Bible study was taking this whole thing too far. It was one thing for me to walk into the church each Sunday. I didn’t need the church following me into my bar every Wednesday.
“No thanks. You have fun making saints out of those sinners.” With at least two self-avowed delinquents, a soon-to-be unwed mother, and an assortment of old men drinking beer, it was sure to be a barrel of laughs. He turned at the door and gave me a wry smile. “It’d be more fun if you were with me, but I’ll see what I can do.”
“You don’t need me for entertainment.”
“Come in if you change your mind,” he said before the door slapped behind him.
I stood in the parking lot, arms crossed, with a smug grin. They’d run him out of there on a rail. He wouldn’t last ten minutes with that crowd. Fountain patrons had been proudly scaring off ministers for ye
ars. Those unsuspecting souls would be lured in by the promise of a tidy parsonage but ready to leave after the first truly rowdy Friday night.

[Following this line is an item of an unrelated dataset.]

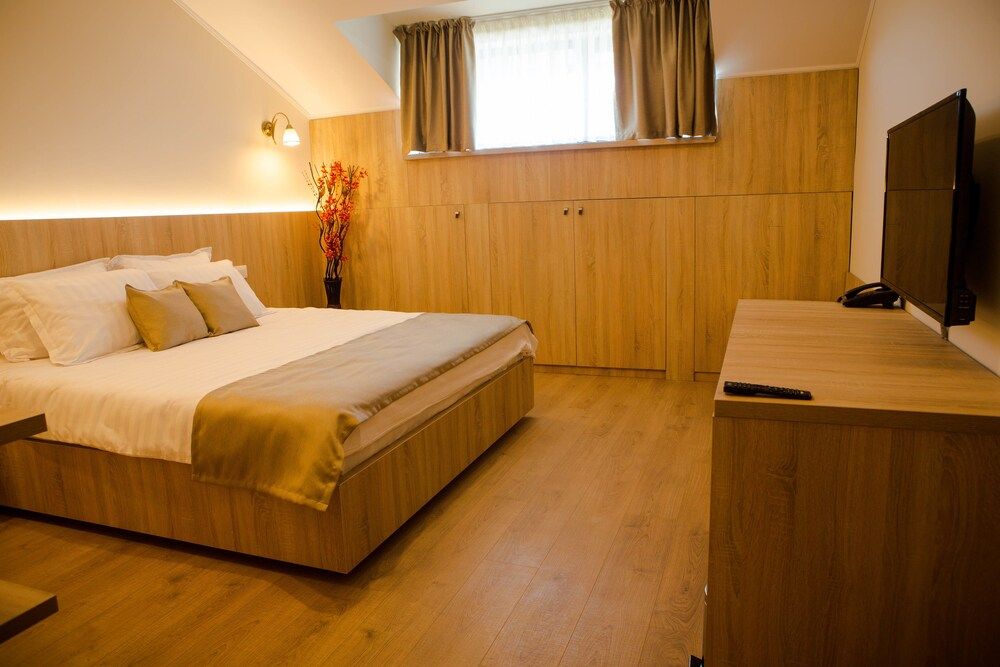 Reve Mariage - carbon neutral hotel in Bucharest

Laughter floated through the screen door. I uncrossed my arms and leaned against the hood of my old Toyota. They had him on the ropes now. Any minute and he’d bust out of that door.
Any minute now . . .
More laughter, and this time I could’ve sworn he had joined in. They were traitors, and, even worse, Luke had managed to win them over in a quarter of the time it had taken me. Surely, he hadn’t managed a truce between The Fountain and the church when no one had been able to do so in thirty years or more.
Sudden and eerie silence.
Praying? Really?
I crept to the screen door. Sure enough, each person had bowed his or her head except Carl. He stared at Tiffany in a way that made me uneasy. I backed away from the door slowly.
If Preacher Man had people praying in a bar, then I didn’t want to hear any whining over choir practice. Next he’d have church members in The Fountain drinking beer.
Yeah, right.
Chapter 8
That Sunday, the superintendent had the gall to show up a week early, a surprise visit no doubt moved up thanks to Miss Lottie’s letters. Luke appeared quite calm on the outside, but he also wasn’t looking at me. I knew I’d been out of line on Wednesday, but it was better for him to be mad at me. I’d felt sparks between us more than once, so I needed to pour a bucket of water on that fire before it started. Nothing good ever came of getting involved with me.
The Happy Hour Choir sat to the right of the piano in the choir loft. Tiffany’s ample cleavage spilled forward, and Ginger frowned beside her as she toyed with the fringe on her shawl. If Ginger made it through the whole service without draping her shawl over Tiffany’s chest, it was going to be heralded as a modern-day miracle.
The Gates brothers had shaved for the occasion, but they were wearing Western shirts and jeans—another source of contention with Ginger. She stood beside Mac, whose gray hair was still wet and plastered to his head even though his bushy beard stuck out. On the other side of Mac, Carl Davis stood tall. His hair and beard were both trimmed close to his face and head, but he wore his usual mournful expression complete with dark circles under his eyes. In his dress shirt with crumpled tie he reminded me of one of the presidents whose picture used to grace the American History classroom at Ellery High. Bill slouched in the corner and leaned against the unused organ, his red suspenders spanning his bloated belly. He wasn’t singing but he had declared himself an unofficial mascot.